The disposal of the items to the Reichsbank rested on an agreement between Funk and Himmler which was concluded in the summer of 1942. The matter was then discussed by Funk, Puhl, Pohl, and a number of other officials at lunch in the Reichsbank building. The arrangement for the actual receipt of the items was worked out by Reichbankrat Thoms of the Reichsbank Precious Metals Division and Brigadeführer Frank. The deliveries were made by the chief of WVHA A-II (finance and payroll), Hauptsturmführer Melmer. There were a total of seventy-six or seventy-seven shipments, each filling a truck.
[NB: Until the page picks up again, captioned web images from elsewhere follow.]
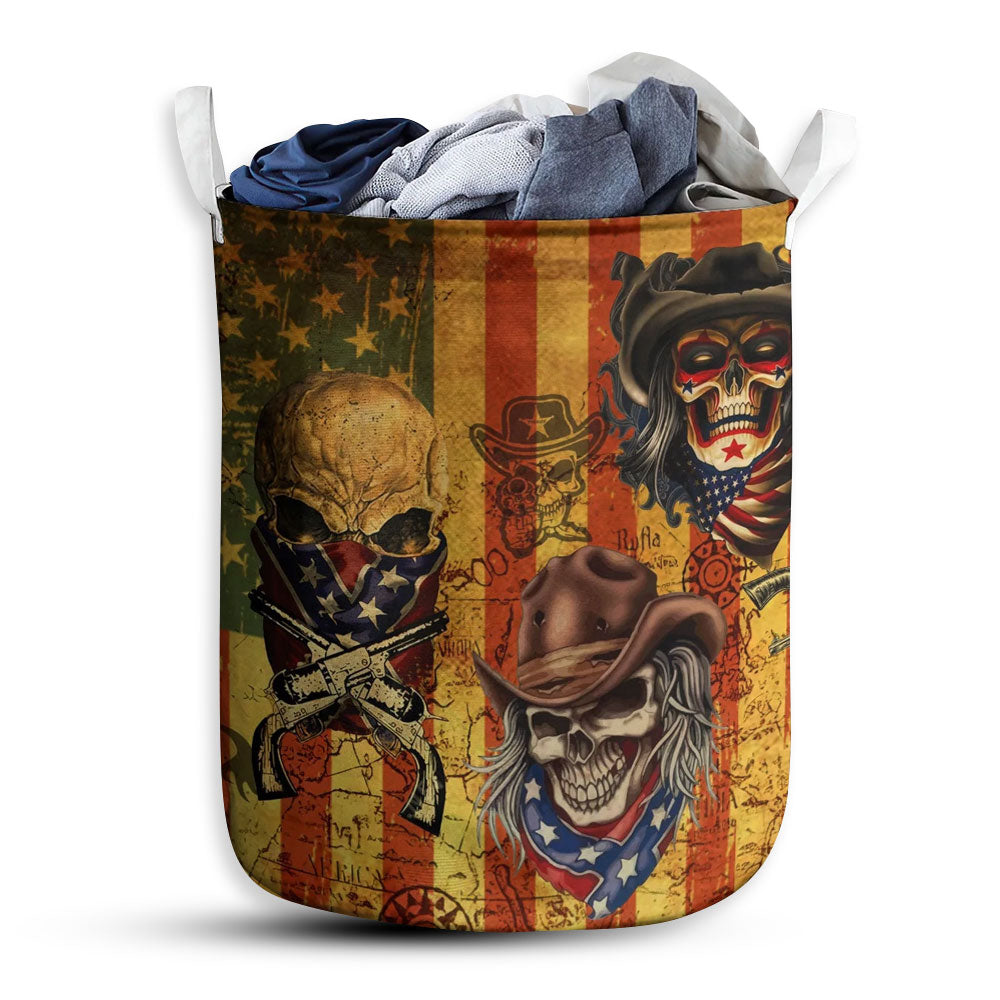 S: 17.72”x13.78” (45x35 cm) Skull Cowboy America Retro - Laundry Basket - Owls Matrix LTD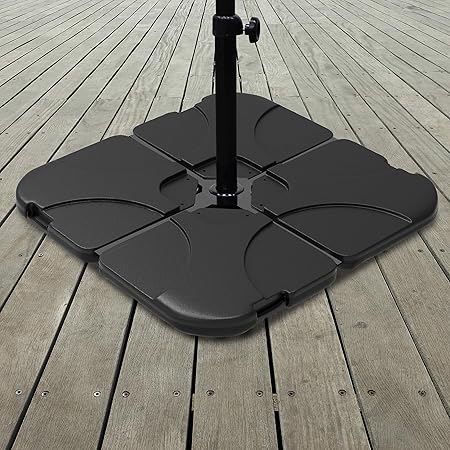 Amazon Com Pure Garden 50 Lg1177 Stand 220 Lb Capacity 4 Piece Fillable Weighted Cantilever And Offset Umbrella Base With Handle For Deck Patio And Yard Garden Outdoor
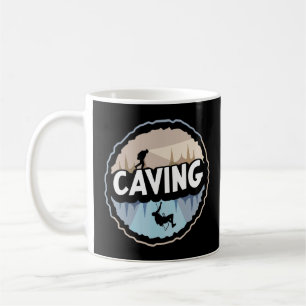 Höhlenforscher erkunden kaffeetasse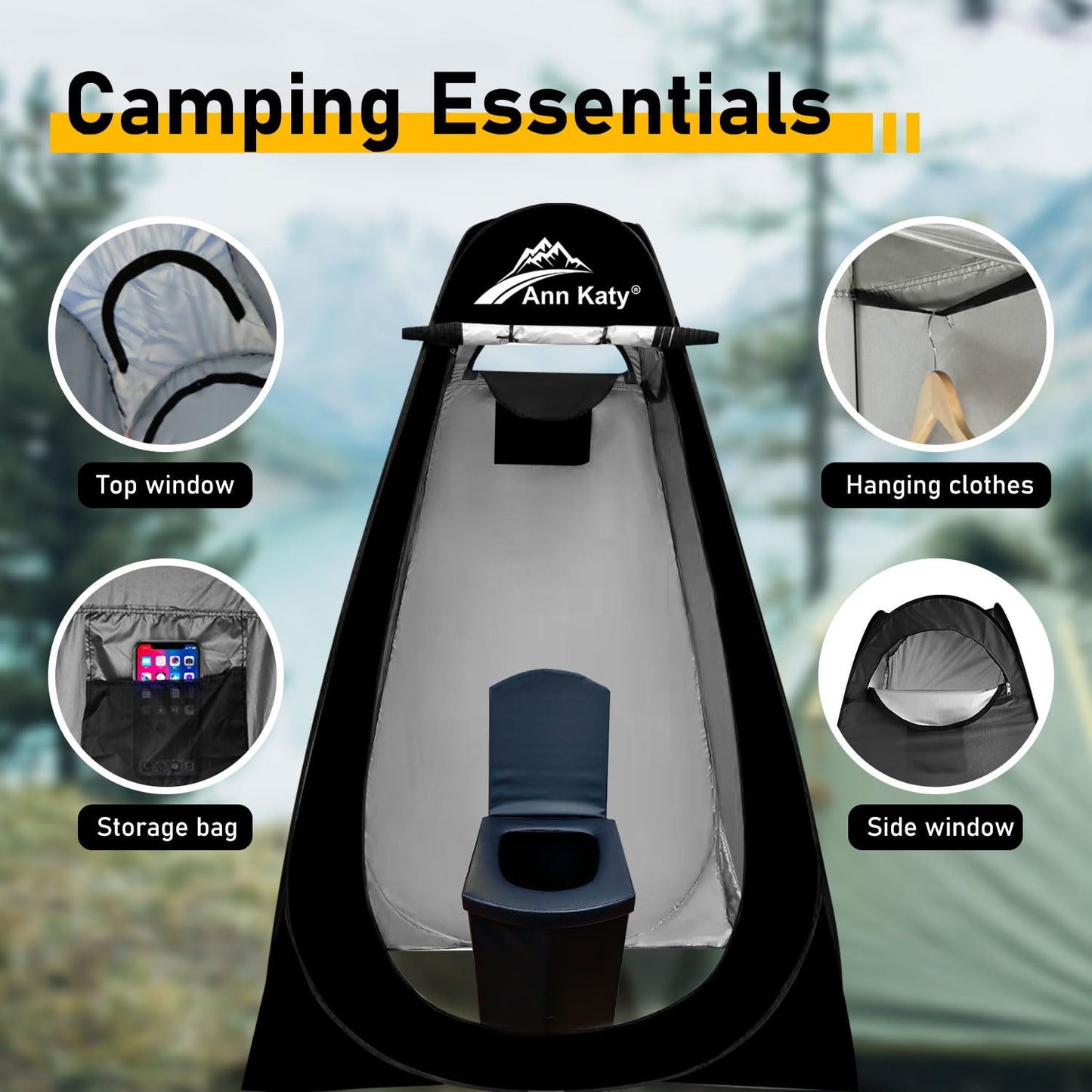 Ann Katy Portable Toilet with Pop Up Privacy Tent,XL Large Portable Toilet for Adults, Outdoor Camping Shower Tents Changing Room Emergency Folding Toilet Tent Kit with Carry Bag for Camping/Hinking…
Although Melmer wore civilian clothes by arrangement, he was accompanied by a few uniformed SS guards; hence the deliveries did not remain secret for very long.
In the storerooms the articles were emptied on tables and sorted. About twenty-five to thirty people passed through these rooms every day. The objects themselves were sometimes stamped "Auschwitz" and "Lublin," and the large quantity of dental gold was noticed. When Pohl visited the Reichsbank, he was conducted to the premises by Puhl, who remarked, "Your things are here too [Ihre Sachen sind auch darunter]."
The problem of what to do with the accumulating deliveries was brought up by Puhl one day in a Reichsbankdirektoren meeting. The vice president announced that the Reichsbank was going to realize the gold and jewelry of the SS. Reichsbandirektor Wilhelm, chief of foreign currency and currency control, protested: "The Reichsbank is not a dealer in second-hand goods." Wilhelm - no friend of the SS - was consequently left out of the picture.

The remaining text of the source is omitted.